At the end of August 2021 investigation from US News & World Report shows that among Americans who have unsecured debt, more than 53% say it is mostly credit cards.
Credit card debt is considered unsecured debt, which means that it is not tied to an asset, such as a house or a car. Respondents were asked what types of debt make up most of their unsecured debt, and in addition to credit cards, they cite:
– Personal loans, at nearly 21%.
– Medical debt, 12%.
– Payday loans, more than 5%.
About 52% of respondents report having between $ 10,000 and just under $ 40,000 in unsecured debt.
What interest rates do they pay
Almost 8% of respondents say they don’t know what their highest interest rate is, which is worrying. Among those who know their rates, here are the conclusions:
– About 35% declare an interest rate of 10% or less.
– More than 20% have a rate between 11% and 15%.
– More than 19% have a rate between 16% and 20%.
– Almost 16% have a rate between 21% and 25%.
– Almost 7% have a rate between 26% and 30%.
– Almost 4% have a rate that exceeds 30%.
Your interest rate depends on the type of debt you carry as well as your creditworthiness. With debt comes interest charges. Some types of unsecured debt, like credit cards and payday loans, charge compound interest.
This means that you are paying interest on a balance that includes the interest charges from the previous month. With compound interest, your debt can grow quickly. Once you have fallen into this dangerous spiral, it is difficult to get out of it.
Why Americans struggle to get out of debt
Almost 42% of respondents say they have more unsecured debt than a year ago. When asked what the biggest challenges are in paying off their debt, about 20% say they are unforeseen expenses.
– About 19% have problems paying their bills on time.
– More than 15% have budgeting problems for payments.
– Over 15% cite inconsistent income as the culprit.
– About 13% say rising interest charges are a big factor.
– More than 7% have difficulty following multiple accounts.
How to pay off your debt
The first step is to identify what is preventing you from facing your debt. And if you determine that you have room for improvement in several areas, that’s okay too. Be honest about your situation, then you can focus on one or more of these solutions:
– Automate your finances.
– Get a debt consolidation loan.
– Apply for a balance transfer credit card.

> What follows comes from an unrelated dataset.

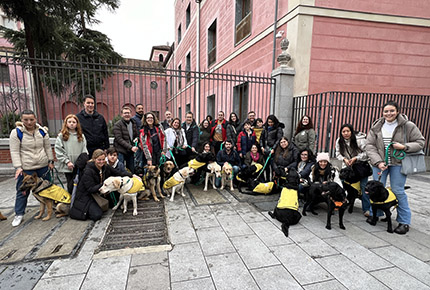 Foto de familia de los perros guía de la ONCE junto a sus educadores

– Create an emergency fund.
– Get credit counseling.
Automate your finances
Almost one in five respondents say they do not pay their bills on time. If the problem is that you don’t have any money when the bill is due, you should contact your lender and explain your situation. Depending on the lender, it is possible to enter a difficulty program while you catch up with your bills.
If it’s a timing issue, see if you can change the invoice due date. Move it over to a week when you have the cash to cover expenses.

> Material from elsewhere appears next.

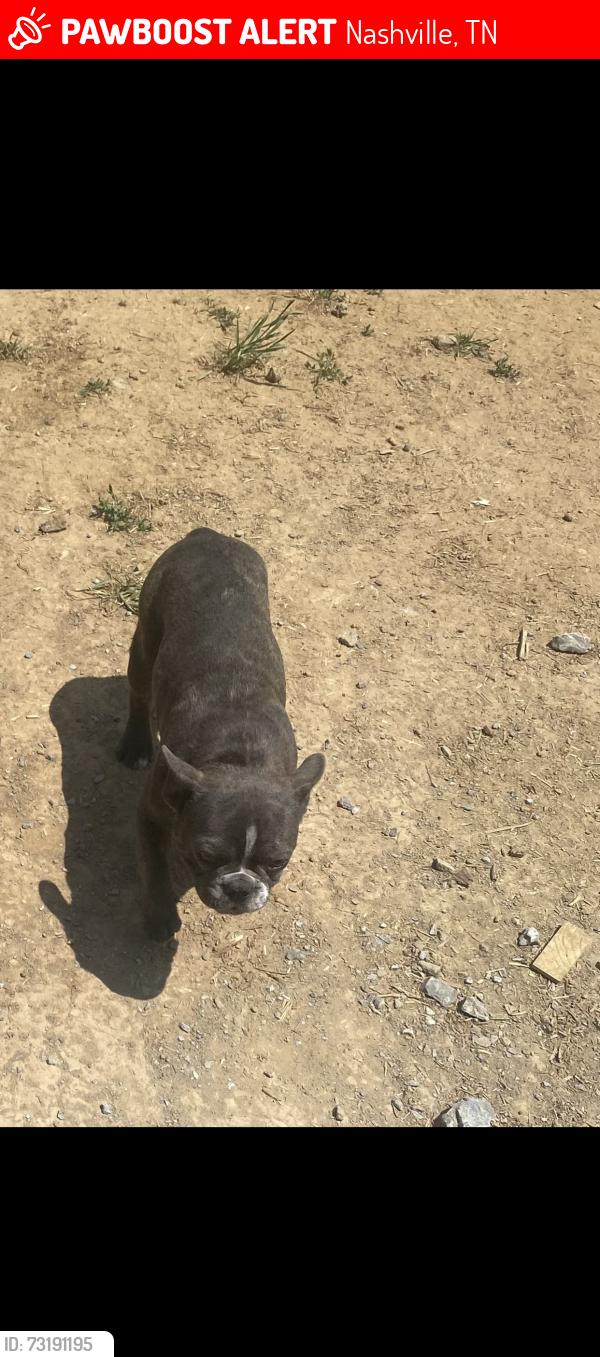 Lost Female Dog last seen Paragon mills, Nashville, TN 37211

But what if it was just a matter of forgetting? The simple solution is to automate your payments for as many invoices as you can. When you set up automatic payments with your bank or credit card, your lender deducts what you owe from your authorized bank account.
But make sure you have the funds in your bank account to cover the amount. Once you’re up to speed and paying your bills on time, you can start looking for solutions to help you pay less interest on your debt.
[Read: Best Debt Consolidation Loans.]
Get a debt consolidation loan
When asked how to pay off their debts, about a quarter of respondents choose a debt consolidation loan as the most attractive option. With this type of loan, you consolidate your debts in order to reduce your number of creditors. And I hope you will get a lower interest rate and a lower monthly payment.
You need to make comparative purchases online. Compare rates and make sure you get the best deal you can qualify for.
It is important to note that it is not a good idea to consolidate medical debt. This can add interest charges to already heavy debt. Medical debt consolidation also removes consumer protections that apply to medical debt.
For other types of unsecured debt, however, a debt consolidation loan is a good option for those who have no excellent credit scores. But if you have good credit, consider a balance transfer credit card.
Apply for a balance transfer credit card
With excellent credit, you should qualify for a credit card with balance transfer. These cards often come with an introductory annual percentage rate of 0% for a period of time, such as 12 to 18 months.
This gives you a chance to pay off (or at least decrease) the balance during the interest-free period. If you go this route, figure out what your monthly payment needs to be so that you have a zero balance before your regular APR starts.
[Read: Best Low-Interest Credit Cards.]
Build an emergency fund
If their debt was paid off, nearly 23% of respondents say they would use the extra money to increase their emergency fund, which is a great choice. An emergency fund helps you survive a sudden financial crisis.
Even if you are in debt, try to allocate money from time to time to your emergency fund. Even a little bit helps.
Get credit counseling
If you think your debt is insurmountable, seek help. No matter how serious your situation, there is a solution. It may take a long time to repair, but starting today is the right decision.
You can contact the National Foundation for Credit Counseling to find a reputable credit counseling agency.